━━ Data shown
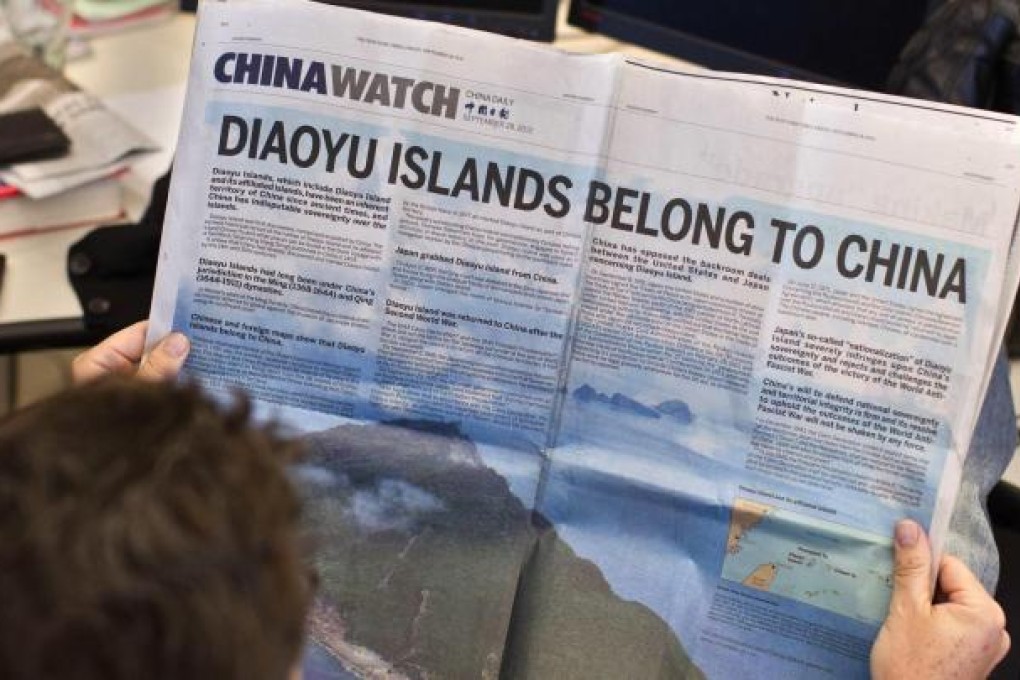 A double-page ad in the New York Times announces China's right to the Diaoyu Islands, which are also claimed by Japan. Photo: Reuters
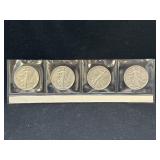 Group of 4 Walking Liberty silver half dollars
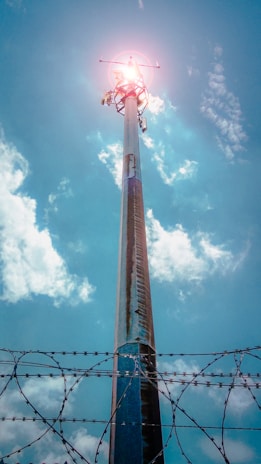 A tall telecommunications tower extends upwards towards the sky, with a bright light or sun at its peak. The sky is mostly clear with some fluffy clouds. The foreground features barbed wire, indicative of a fenced or restricted area.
━━━━
**What to do**
Write out the lines from the start of the material to the line with "Group of 4 Walking", inclusive and exactly. Skip the pictures.

**Solved problem**
 A double-page ad in the New York Times announces China's right to the Diaoyu Islands, which are also claimed by Japan. Photo: Reuters
 Group of 4 Walking Liberty silver half dollars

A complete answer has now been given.